*** Source material Section Begins ***
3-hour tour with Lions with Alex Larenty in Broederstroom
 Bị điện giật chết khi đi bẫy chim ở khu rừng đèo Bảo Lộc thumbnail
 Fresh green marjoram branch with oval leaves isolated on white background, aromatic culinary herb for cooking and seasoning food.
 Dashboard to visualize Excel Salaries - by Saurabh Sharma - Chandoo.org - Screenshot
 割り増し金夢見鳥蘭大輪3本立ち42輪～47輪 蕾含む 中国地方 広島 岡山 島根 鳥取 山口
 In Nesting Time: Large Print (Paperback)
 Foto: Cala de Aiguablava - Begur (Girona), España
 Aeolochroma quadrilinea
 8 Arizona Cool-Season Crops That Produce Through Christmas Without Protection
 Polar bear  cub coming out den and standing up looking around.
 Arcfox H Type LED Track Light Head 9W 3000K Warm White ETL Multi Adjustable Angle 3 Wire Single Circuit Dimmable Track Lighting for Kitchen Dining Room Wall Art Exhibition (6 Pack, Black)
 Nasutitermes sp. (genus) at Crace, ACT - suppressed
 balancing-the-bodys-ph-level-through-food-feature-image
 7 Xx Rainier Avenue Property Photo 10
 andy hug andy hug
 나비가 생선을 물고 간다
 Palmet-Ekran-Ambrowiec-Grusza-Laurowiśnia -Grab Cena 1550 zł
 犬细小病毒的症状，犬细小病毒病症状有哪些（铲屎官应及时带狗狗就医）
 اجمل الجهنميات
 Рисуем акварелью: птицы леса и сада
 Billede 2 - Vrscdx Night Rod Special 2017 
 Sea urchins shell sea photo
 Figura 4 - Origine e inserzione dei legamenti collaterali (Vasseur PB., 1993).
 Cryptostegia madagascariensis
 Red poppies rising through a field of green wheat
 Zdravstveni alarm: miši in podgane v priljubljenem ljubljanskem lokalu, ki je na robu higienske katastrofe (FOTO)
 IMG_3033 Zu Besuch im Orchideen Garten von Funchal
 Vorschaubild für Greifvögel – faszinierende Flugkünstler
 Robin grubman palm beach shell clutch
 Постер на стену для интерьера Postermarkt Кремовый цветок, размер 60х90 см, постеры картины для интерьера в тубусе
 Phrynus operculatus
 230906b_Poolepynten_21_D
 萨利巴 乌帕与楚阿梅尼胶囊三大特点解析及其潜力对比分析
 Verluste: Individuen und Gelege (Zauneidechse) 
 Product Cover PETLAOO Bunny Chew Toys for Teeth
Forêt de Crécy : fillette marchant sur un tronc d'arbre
*** Source material Section Ends ***
Among the entries, find every line holding "food" and return it.

 Fresh green marjoram branch with oval leaves isolated on white background, aromatic culinary herb for cooking and seasoning food.
 balancing-the-bodys-ph-level-through-food-feature-image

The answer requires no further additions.